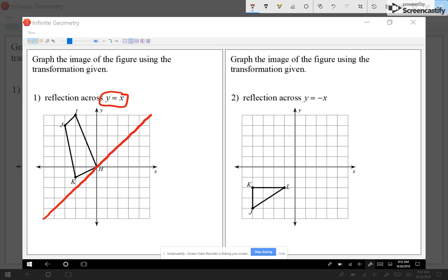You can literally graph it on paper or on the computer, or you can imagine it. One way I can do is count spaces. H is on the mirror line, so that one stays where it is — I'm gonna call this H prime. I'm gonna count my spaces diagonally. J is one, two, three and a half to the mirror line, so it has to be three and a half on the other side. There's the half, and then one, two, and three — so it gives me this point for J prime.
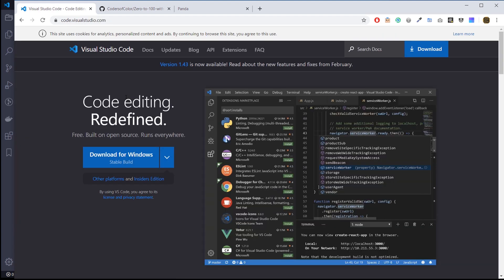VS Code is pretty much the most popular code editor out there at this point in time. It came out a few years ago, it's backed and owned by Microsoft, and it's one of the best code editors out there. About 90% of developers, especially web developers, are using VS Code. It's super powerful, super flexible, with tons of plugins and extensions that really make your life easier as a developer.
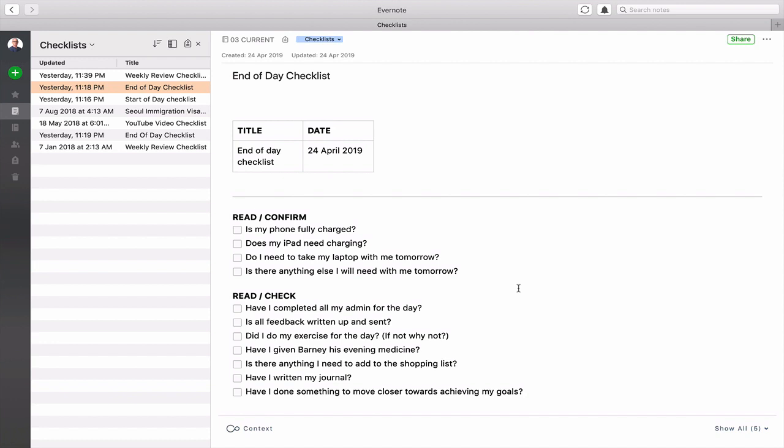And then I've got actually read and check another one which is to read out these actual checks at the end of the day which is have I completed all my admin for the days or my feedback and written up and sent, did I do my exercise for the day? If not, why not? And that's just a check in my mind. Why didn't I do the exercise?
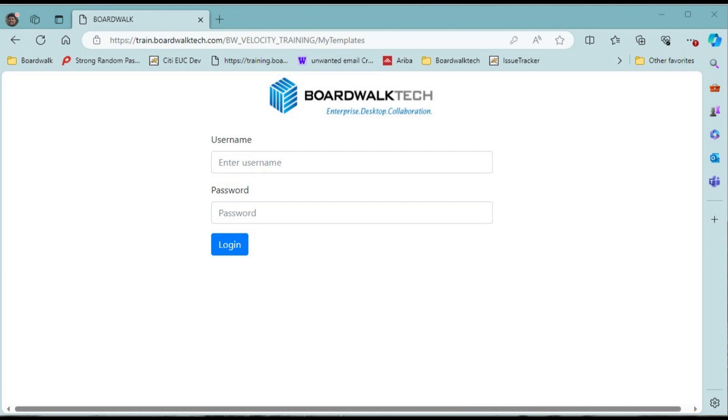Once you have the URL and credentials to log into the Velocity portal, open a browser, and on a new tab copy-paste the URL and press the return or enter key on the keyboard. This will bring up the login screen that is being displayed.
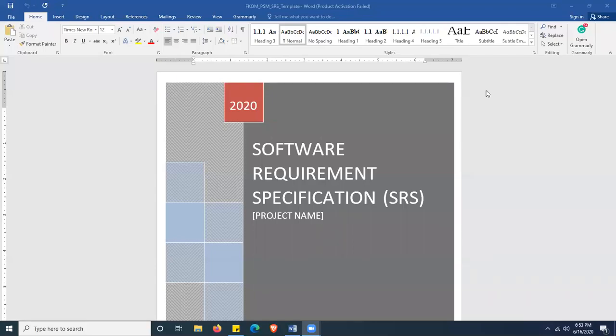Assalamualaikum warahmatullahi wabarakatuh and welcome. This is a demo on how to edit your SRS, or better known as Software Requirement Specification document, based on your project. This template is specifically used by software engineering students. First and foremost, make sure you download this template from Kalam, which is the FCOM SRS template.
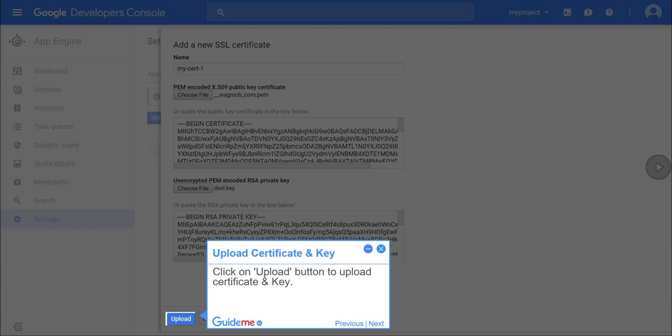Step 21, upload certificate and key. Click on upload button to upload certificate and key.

════════════════

Problem requirements: Transcribe all of the material exactly, leaving out whatever pictures it contains.

Exercise response:
You can literally graph it on paper or on the computer, or you can imagine it. One way I can do is count spaces. H is on the mirror line, so that one stays where it is — I'm gonna call this H prime. I'm gonna count my spaces diagonally. J is one, two, three and a half to the mirror line, so it has to be three and a half on the other side. There's the half, and then one, two, and three — so it gives me this point for J prime.
VS Code is pretty much the most popular code editor out there at this point in time. It came out a few years ago, it's backed and owned by Microsoft, and it's one of the best code editors out there. About 90% of developers, especially web developers, are using VS Code. It's super powerful, super flexible, with tons of plugins and extensions that really make your life easier as a developer.
And then I've got actually read and check another one which is to read out these actual checks at the end of the day which is have I completed all my admin for the days or my feedback and written up and sent, did I do my exercise for the day? If not, why not? And that's just a check in my mind. Why didn't I do the exercise?
Once you have the URL and credentials to log into the Velocity portal, open a browser, and on a new tab copy-paste the URL and press the return or enter key on the keyboard. This will bring up the login screen that is being displayed.
Assalamualaikum warahmatullahi wabarakatuh and welcome. This is a demo on how to edit your SRS, or better known as Software Requirement Specification document, based on your project. This template is specifically used by software engineering students. First and foremost, make sure you download this template from Kalam, which is the FCOM SRS template.
Step 21, upload certificate and key. Click on upload button to upload certificate and key.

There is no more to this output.